Context Engineering on Security

By moving forward OpenRewrite as a “precision instrument” for scope and precision to feed an AI-driven audit layer, it bridges the gap between Static Analysis (SAST) and Security Orchestration, to help AI understand the underlying scope, type information, and hierarchy, preventing “static” identity in complex systems.

  • Privacy and security: running on local AI models, no vulnerability exposure on public AI services.
  • Good enough: OWASP/CWE are nearly covered with data flow reachability analysis
  • Certainty: recipes are testable, auditable, enumeratable, and reproducible.

Limitations & Tradeoffs

The cost of discovery security vulnerabilities has near dropped to zero, however there are limitations

  • Just-in-Time Knowledge: the scope of security is constraint by the author’s competence circle
  • compliance: may not be suitable for the final report for legal certifications like SOC2, PCI DSS.

AI Polarization: Monkeys Now Have Missiles

As we have talked previously, the decompression and connectivity capabilities are best for pattern match roles, and code static analysis is just the perfect example.
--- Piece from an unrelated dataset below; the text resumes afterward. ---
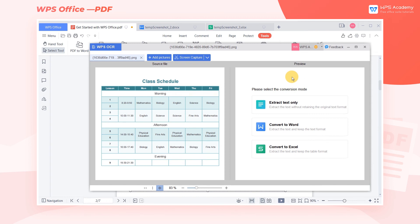In conclusion, the OCR function contributes to quick extraction of information and high efficiency.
Before AI, the task is finished with security experts’ months of reviewing, or commercial software like Coverity, but for now, most of the task can be handled by a local 27b AI model as simple as translating a document.

Role shifting on AI-based security

As security audit process becomes a “commodity” (cheap, fast, and everywhere), there are more impacts

  • source available projects: may be high risky or has been undermined, use them with cautions
  • security vendors: must have unpublished high-end weapons, or proof of results like brand, insurance and liability
  • developers: vibe-coding comes with security risks => you can’t outsource your security design

AI-driven selloff on cybersecurity companies

Security is multi-dimensional structure, SAST is not the “Anchor”. Instead, the contract may be

  • Consolidation: runtime agent & firewall protection; behavior based rather than code based
  • Governance & Insurance: the legal and liable contractor with customers.

Despite whatever Claude has found vulnerabilities with advanced model, the true fear is never the CrowdStrike’s selloff.

Instead, in a world where everyone has a missile, the only survivor is the one who owns the radar. However, the Anti-Missile Defense System requires multi-dimensional protection infrastructure, which is highly rely on the top proprietary cybersecurity vendors. The defense becomes an essential, non-negotiable expense, we may pay for the “security tax” in the future.